* _Exercise details_
Nothing but the lines from the one including "Nástěnná TV skříňka" through the last line of the entries, restated exactly, should appear in the answer; omit the pictures.

Extracted records

■ ■ ■ ■ ■ ■ ■

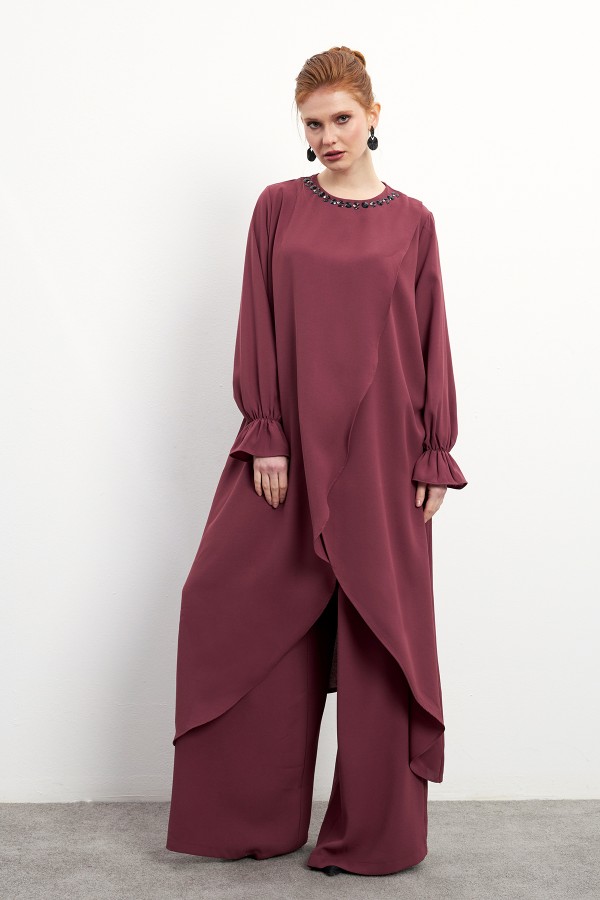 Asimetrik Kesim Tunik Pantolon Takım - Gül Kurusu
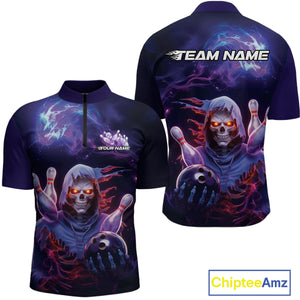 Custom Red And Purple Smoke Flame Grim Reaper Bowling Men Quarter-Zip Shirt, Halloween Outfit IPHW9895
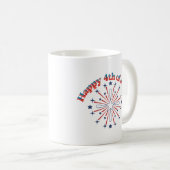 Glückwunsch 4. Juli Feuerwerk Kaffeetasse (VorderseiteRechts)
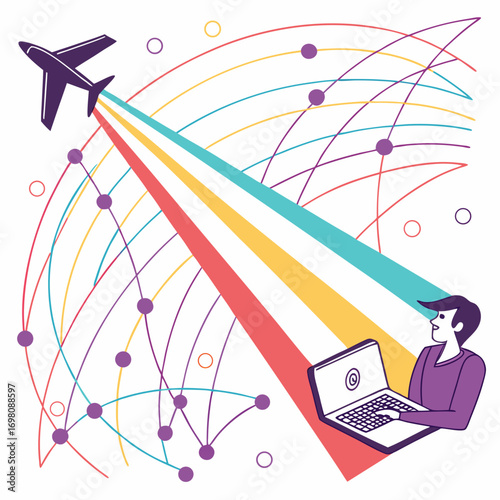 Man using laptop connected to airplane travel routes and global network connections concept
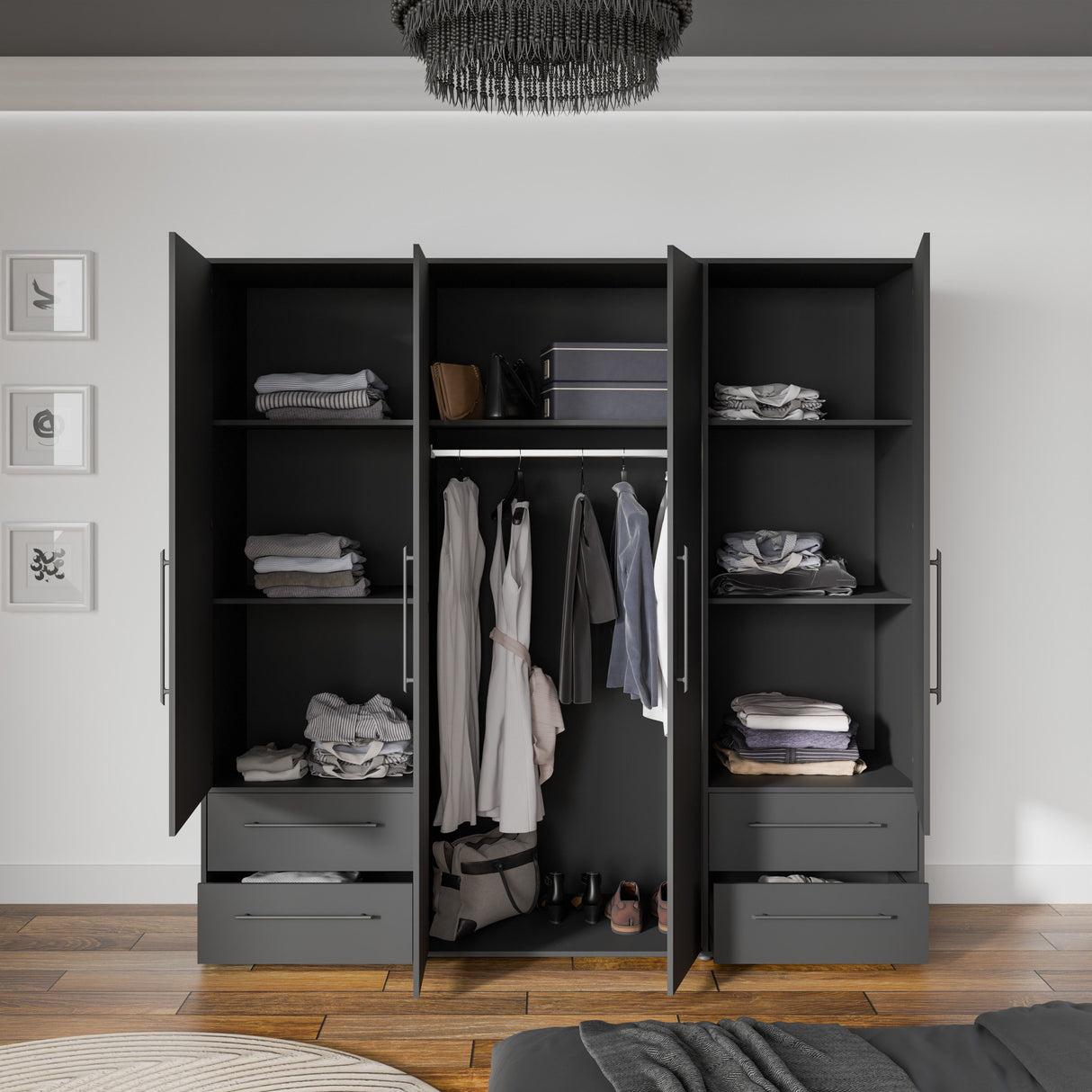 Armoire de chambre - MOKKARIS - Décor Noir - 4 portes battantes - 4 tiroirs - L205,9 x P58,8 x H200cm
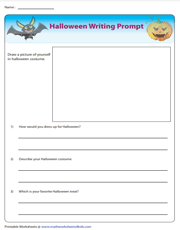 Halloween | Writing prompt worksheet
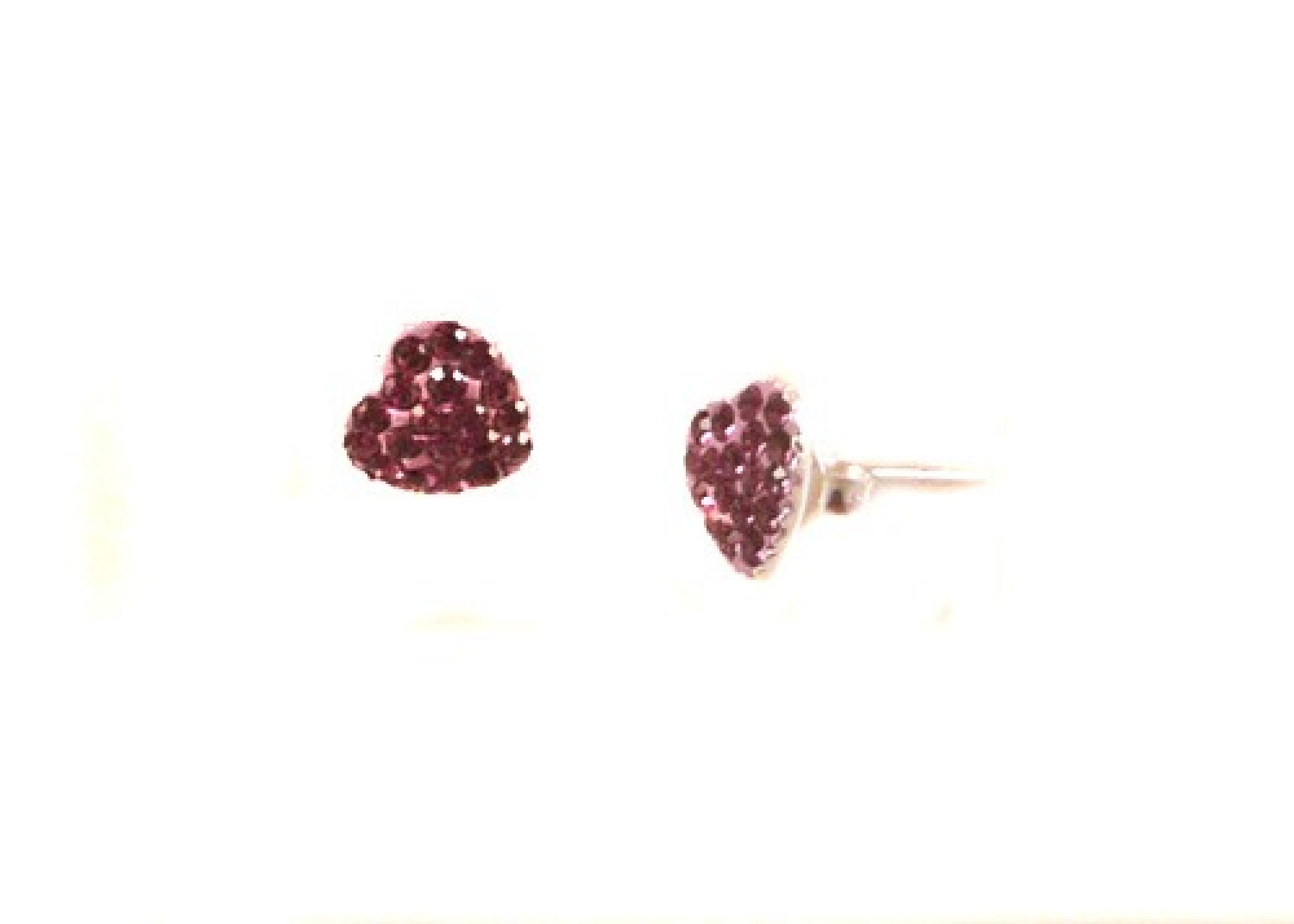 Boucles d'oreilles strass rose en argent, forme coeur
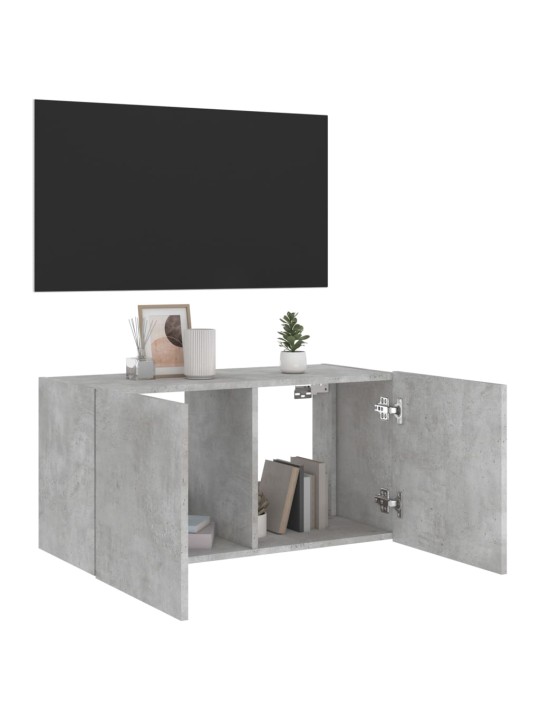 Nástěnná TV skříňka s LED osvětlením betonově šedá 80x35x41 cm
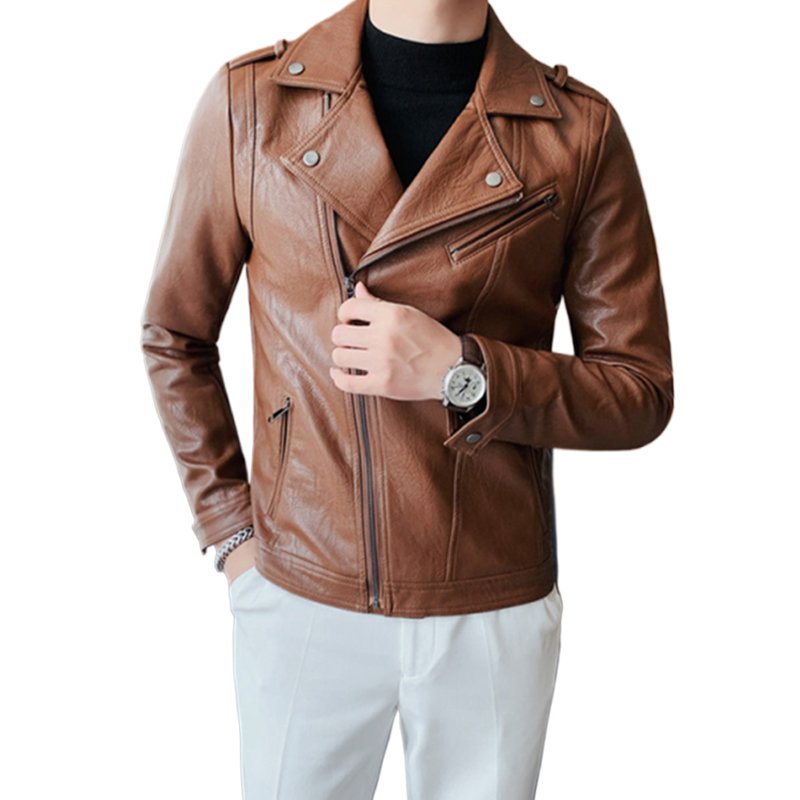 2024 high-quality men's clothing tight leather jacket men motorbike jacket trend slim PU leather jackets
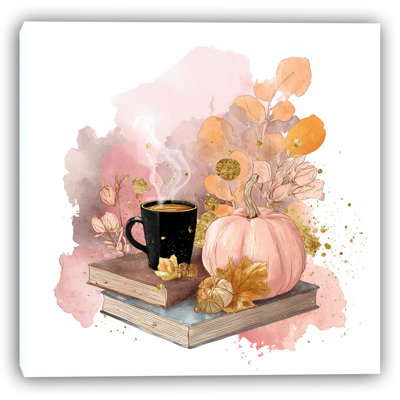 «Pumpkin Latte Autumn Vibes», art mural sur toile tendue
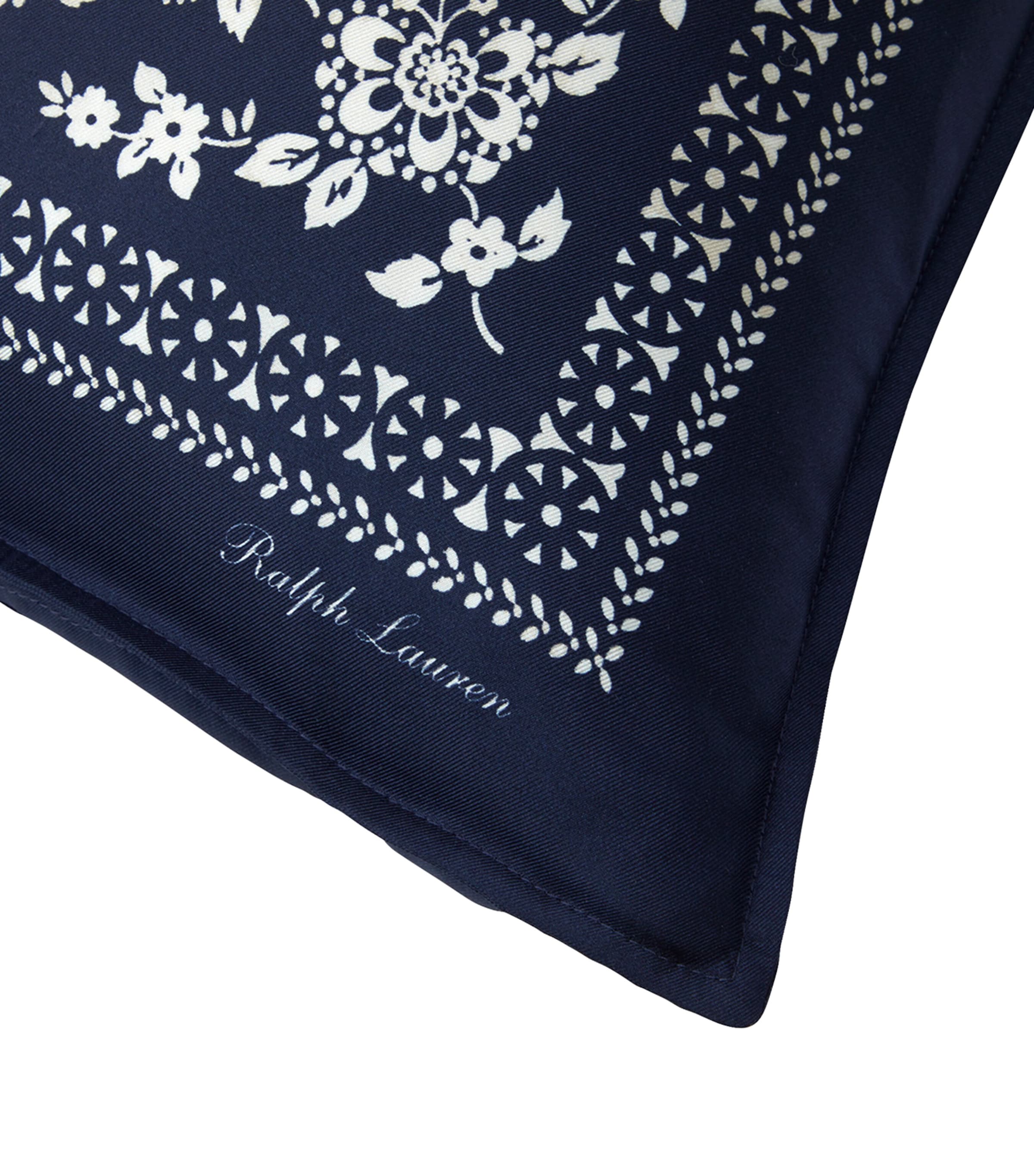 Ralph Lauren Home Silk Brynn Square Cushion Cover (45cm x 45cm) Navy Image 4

■ ■ ■ ■ ■ ■ ■

* _Solution below_
 Nástěnná TV skříňka s LED osvětlením betonově šedá 80x35x41 cm
 2024 high-quality men's clothing tight leather jacket men motorbike jacket trend slim PU leather jackets
 «Pumpkin Latte Autumn Vibes», art mural sur toile tendue
 Ralph Lauren Home Silk Brynn Square Cushion Cover (45cm x 45cm) Navy Image 4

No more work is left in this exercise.